With great pride and bland post titling, I’d like to announce a Beta release of our fantasy baseball in-season player rater as well as two charts that highlight the differences between pitcher FIP vs. ERA and batter BABIP vs. AVG.
The player rater work is an adaptation of the Point Shares methodology I’ve used the last couple of years for pre-season and post-season player estimates. Here is a link to a favorable test I did earlier this year vs. ESPN’s player rater methodology. After some trial and error plus assistance from a variety of folks (Eric K at my favorite fantasy baseball escort service – EliteFantasyPlayers.com - and Doug at Dougstats.com among others), we now have a fairly automated system for updating in-season player rankings on a daily basis.
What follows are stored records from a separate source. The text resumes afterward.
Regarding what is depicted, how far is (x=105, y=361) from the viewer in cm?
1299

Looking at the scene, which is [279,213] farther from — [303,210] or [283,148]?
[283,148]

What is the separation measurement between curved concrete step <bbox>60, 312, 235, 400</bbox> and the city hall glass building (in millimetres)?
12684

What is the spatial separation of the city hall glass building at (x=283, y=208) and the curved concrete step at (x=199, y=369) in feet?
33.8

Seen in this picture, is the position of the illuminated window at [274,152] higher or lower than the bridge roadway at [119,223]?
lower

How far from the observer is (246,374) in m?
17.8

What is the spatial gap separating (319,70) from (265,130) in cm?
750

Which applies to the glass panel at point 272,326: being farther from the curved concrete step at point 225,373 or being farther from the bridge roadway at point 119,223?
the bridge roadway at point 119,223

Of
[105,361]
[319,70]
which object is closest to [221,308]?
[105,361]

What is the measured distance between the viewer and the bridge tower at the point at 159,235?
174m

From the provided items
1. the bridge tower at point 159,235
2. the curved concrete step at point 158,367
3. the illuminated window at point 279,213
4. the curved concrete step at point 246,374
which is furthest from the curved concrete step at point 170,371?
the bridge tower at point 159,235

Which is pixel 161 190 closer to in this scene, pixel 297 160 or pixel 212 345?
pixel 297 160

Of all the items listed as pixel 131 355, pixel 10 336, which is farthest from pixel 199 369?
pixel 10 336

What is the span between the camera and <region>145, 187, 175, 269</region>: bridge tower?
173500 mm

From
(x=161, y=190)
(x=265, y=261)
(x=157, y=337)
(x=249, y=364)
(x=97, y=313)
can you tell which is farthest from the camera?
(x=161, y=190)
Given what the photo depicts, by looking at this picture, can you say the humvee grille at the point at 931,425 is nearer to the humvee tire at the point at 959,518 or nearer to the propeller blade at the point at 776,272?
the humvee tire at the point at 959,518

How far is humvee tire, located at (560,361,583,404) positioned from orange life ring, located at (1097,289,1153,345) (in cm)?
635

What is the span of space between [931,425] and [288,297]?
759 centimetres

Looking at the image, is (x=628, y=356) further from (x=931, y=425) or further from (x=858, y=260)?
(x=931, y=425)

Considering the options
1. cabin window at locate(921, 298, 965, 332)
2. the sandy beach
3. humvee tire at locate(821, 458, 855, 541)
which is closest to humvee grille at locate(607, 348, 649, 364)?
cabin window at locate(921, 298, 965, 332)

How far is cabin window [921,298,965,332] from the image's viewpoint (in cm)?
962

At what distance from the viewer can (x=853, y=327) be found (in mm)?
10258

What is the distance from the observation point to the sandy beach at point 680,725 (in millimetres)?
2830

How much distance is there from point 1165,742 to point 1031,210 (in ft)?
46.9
ESPN Roster format (C/1B/2B/SS/3B/5 OF/CI/MI/UTIL/9 P) – 10 Team / 12 Team / 14 Team / 15 Team / 16 Team MLB
Yahoo! Roster format (C/1B/2B/SS/3B/3 OF/2 UTIL/2 SP/2 RP/4 P) – 10 Team / 12 Team / 14 Team / 15 Team / 16 Team MLB
AL-Only (2 C/1B/2B/SS/3B/5 OF/CI/MI/UTIL/9 P) – 10 Team / 12 Team
NL-Only (2 C/1B/2B/SS/3B/5 OF/CI/MI/UTIL/9 P) – 10 Team / 12 Team
The table is ranked based on a players’ projected Point Shares (a player’s value in standings points vs. the average player with some factoring in of position). Dollar estimates are provided both for in-season as well as comparisons vs. pre-season estimates. Take the dollar estimates with a grain of salt for now – they should become more stable as the season goes on. You can filter by position (P for all pitchers, -P for all hitters) and sort by any of the columns (1 click ascending, two clicks descending).
There are two pages focused on popular hitter/pitcher stats outside of 5×5 (popularity based on our pre-season poll results). These tables are filterable/sortable as well.
Hitting – OBP, SLG, OPS, Hits, Total Bases
Pitching – Quality Starts, Holds, Losses
Lastly, there are two tables that highlight differences between pitcher FIP vs. ERA and hitter BABIP vs AVG.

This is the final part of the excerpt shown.